Supplied entries

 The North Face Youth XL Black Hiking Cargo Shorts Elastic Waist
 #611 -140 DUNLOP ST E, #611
---
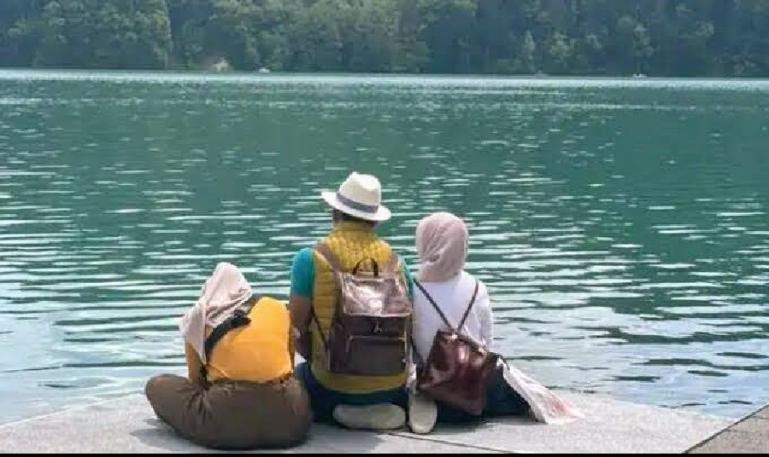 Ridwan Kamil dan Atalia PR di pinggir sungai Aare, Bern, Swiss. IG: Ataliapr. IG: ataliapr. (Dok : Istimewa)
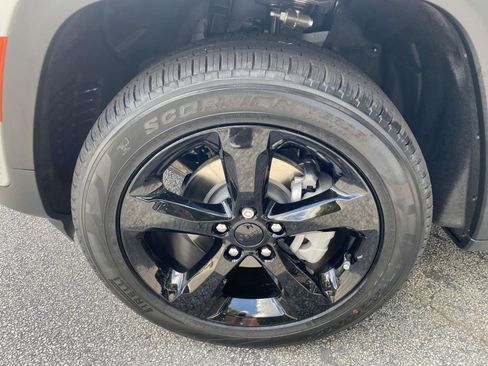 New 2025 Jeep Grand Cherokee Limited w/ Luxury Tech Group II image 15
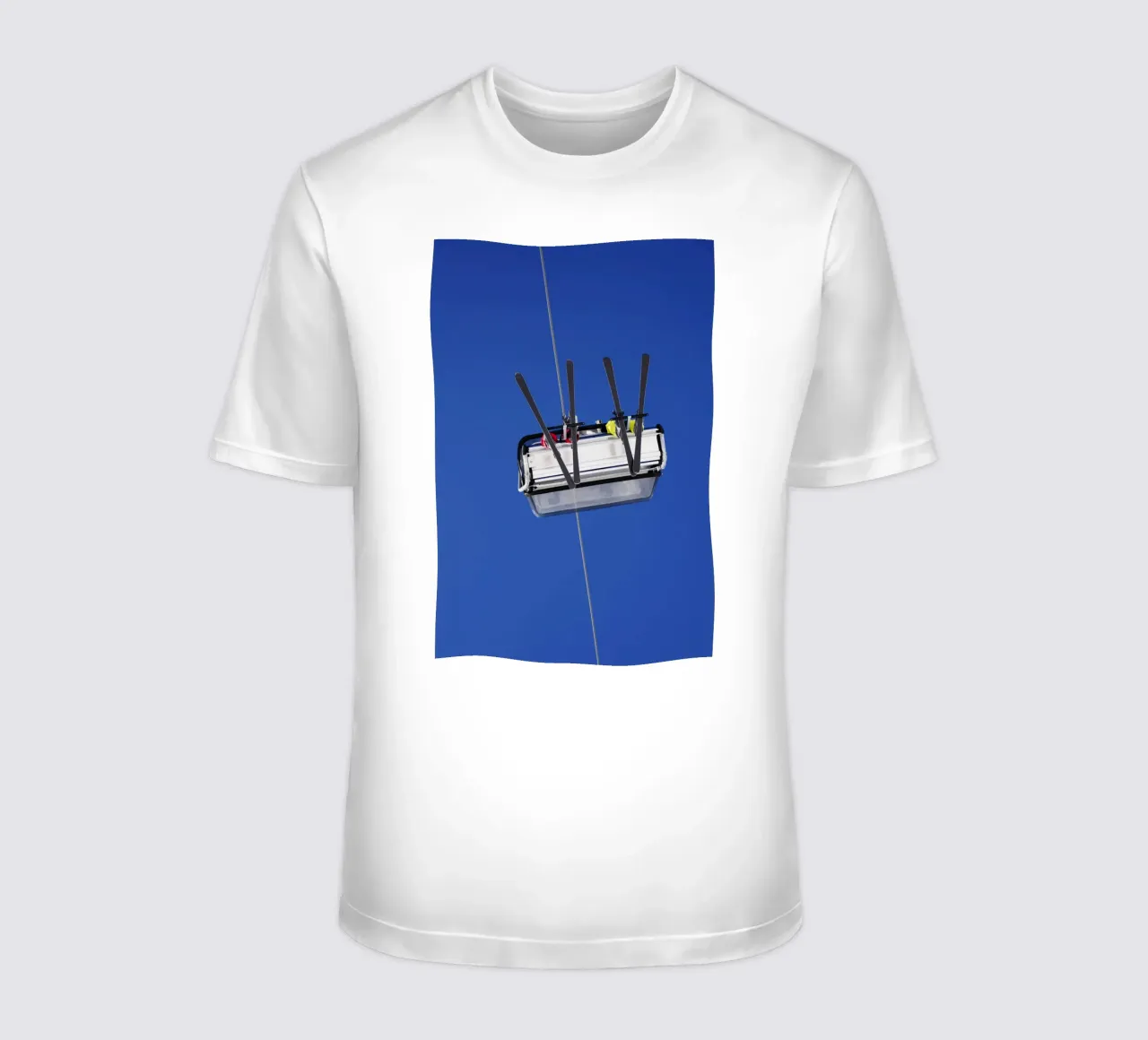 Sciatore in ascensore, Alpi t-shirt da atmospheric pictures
* * *
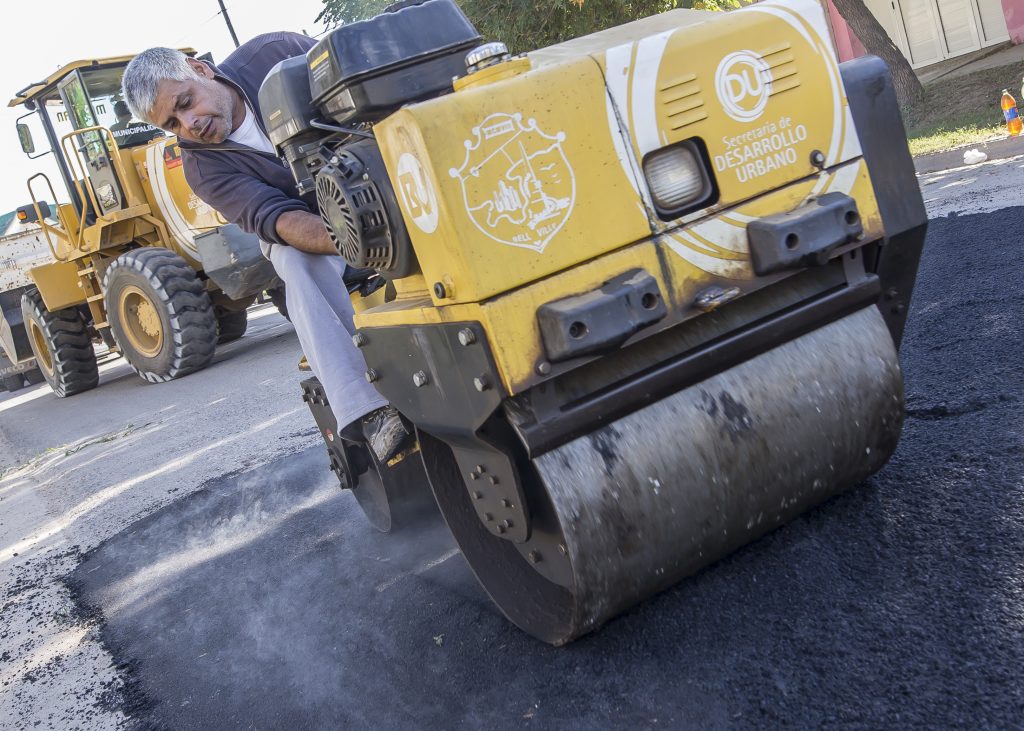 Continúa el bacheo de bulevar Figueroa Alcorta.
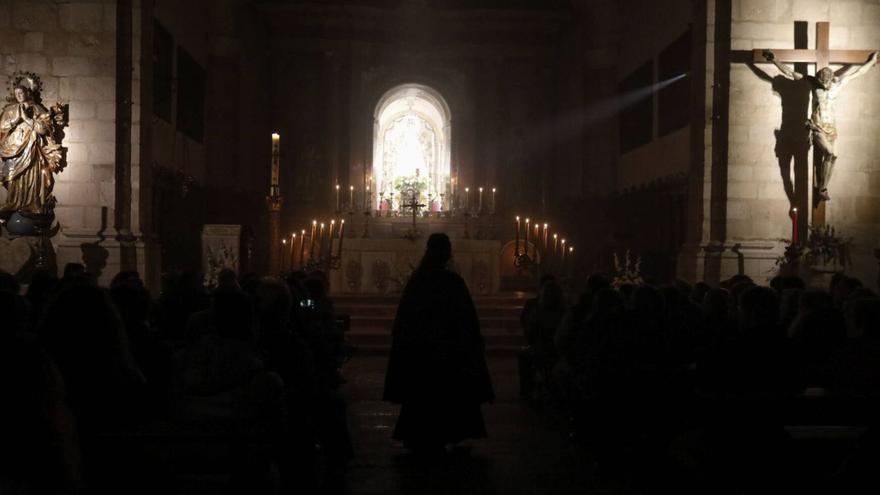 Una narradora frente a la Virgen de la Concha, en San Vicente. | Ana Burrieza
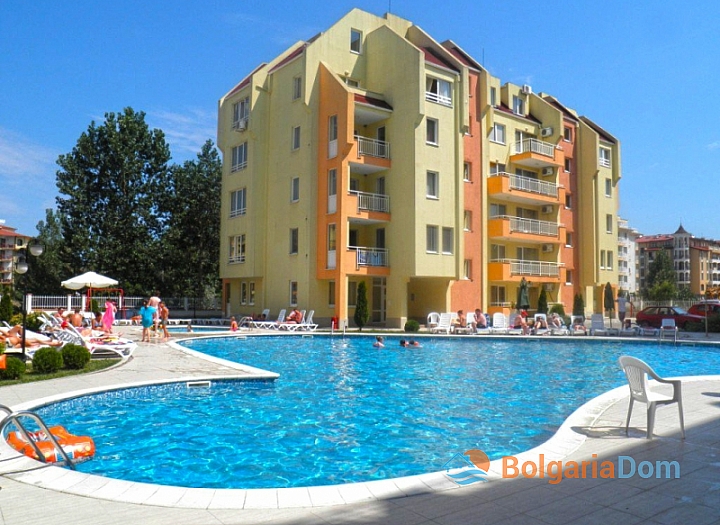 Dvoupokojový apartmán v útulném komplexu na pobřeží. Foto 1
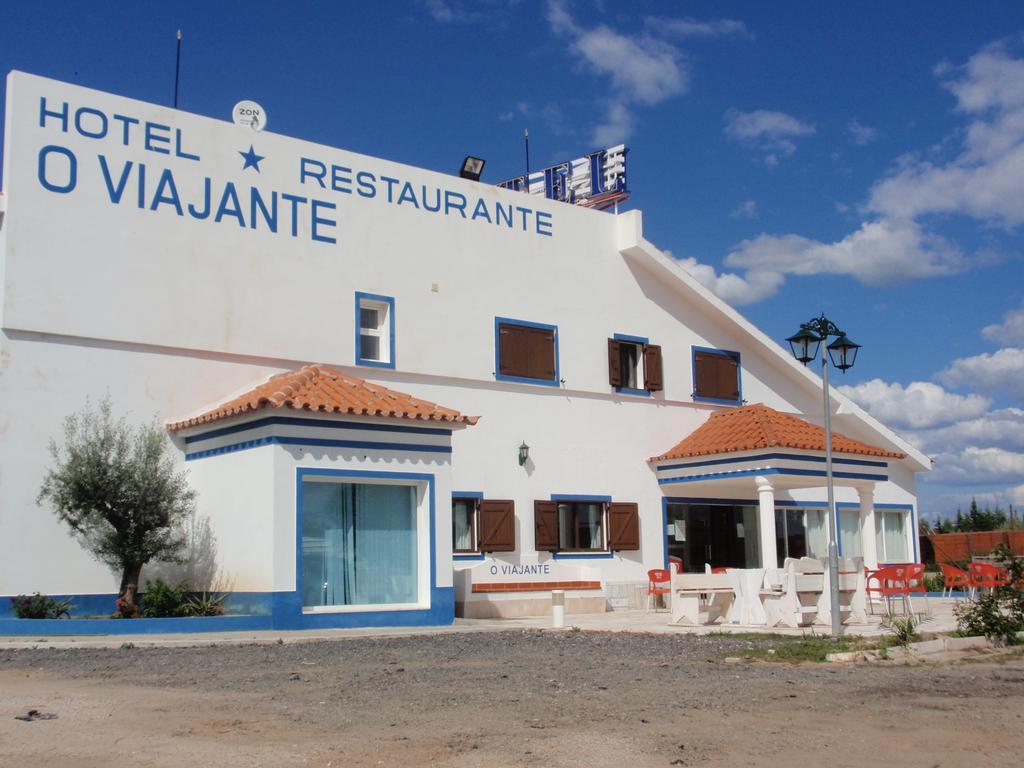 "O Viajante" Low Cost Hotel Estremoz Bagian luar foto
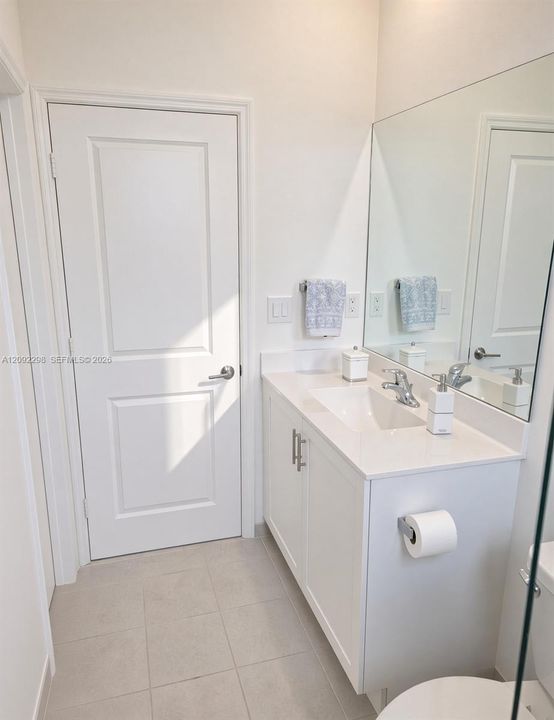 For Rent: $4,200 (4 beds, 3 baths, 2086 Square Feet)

What you are asked to do
Among the records above, only the lines between the line holding "The North Face" and the line holding "#611 -140 DUNLOP ST E, #611", inclusive, are to be output, exactly as written.

Response to this exercise
 The North Face Youth XL Black Hiking Cargo Shorts Elastic Waist
 #611 -140 DUNLOP ST E, #611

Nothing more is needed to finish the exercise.